TASK DETAILS:
A faithful copy is needed of the lines below from the one with "江南市島宮町巡見　1号棟　全2棟" up to and including the one with "Dimmable integrated LED"; set it down with no pictures and no other lines.

THE INPUT:
*-*-*

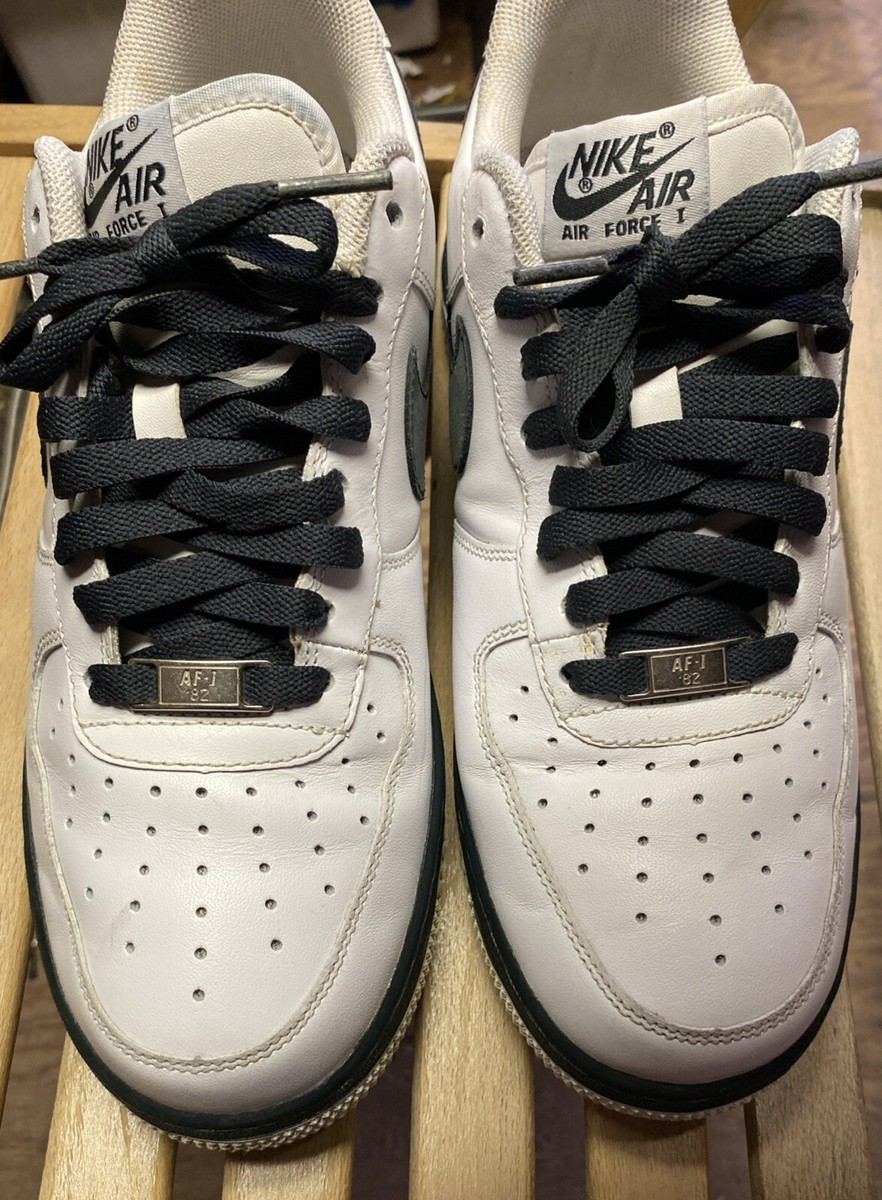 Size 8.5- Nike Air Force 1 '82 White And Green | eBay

*-*-*

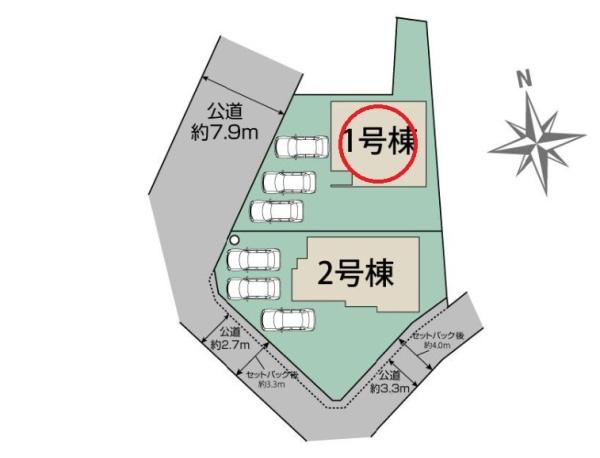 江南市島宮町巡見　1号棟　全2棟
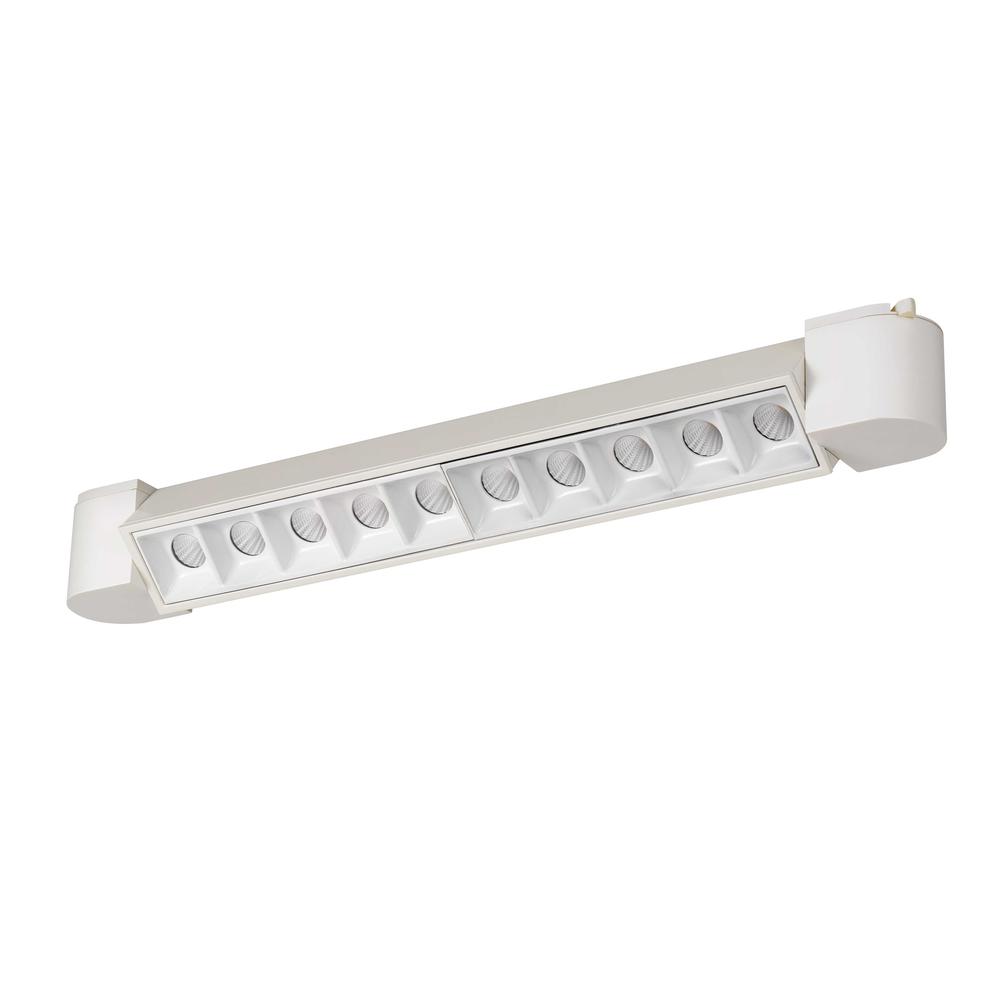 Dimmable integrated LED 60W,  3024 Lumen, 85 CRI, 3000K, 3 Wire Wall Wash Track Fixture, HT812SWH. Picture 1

*-*-*

TASK RESULT:
 江南市島宮町巡見　1号棟　全2棟
 Dimmable integrated LED 60W,  3024 Lumen, 85 CRI, 3000K, 3 Wire Wall Wash Track Fixture, HT812SWH. Picture 1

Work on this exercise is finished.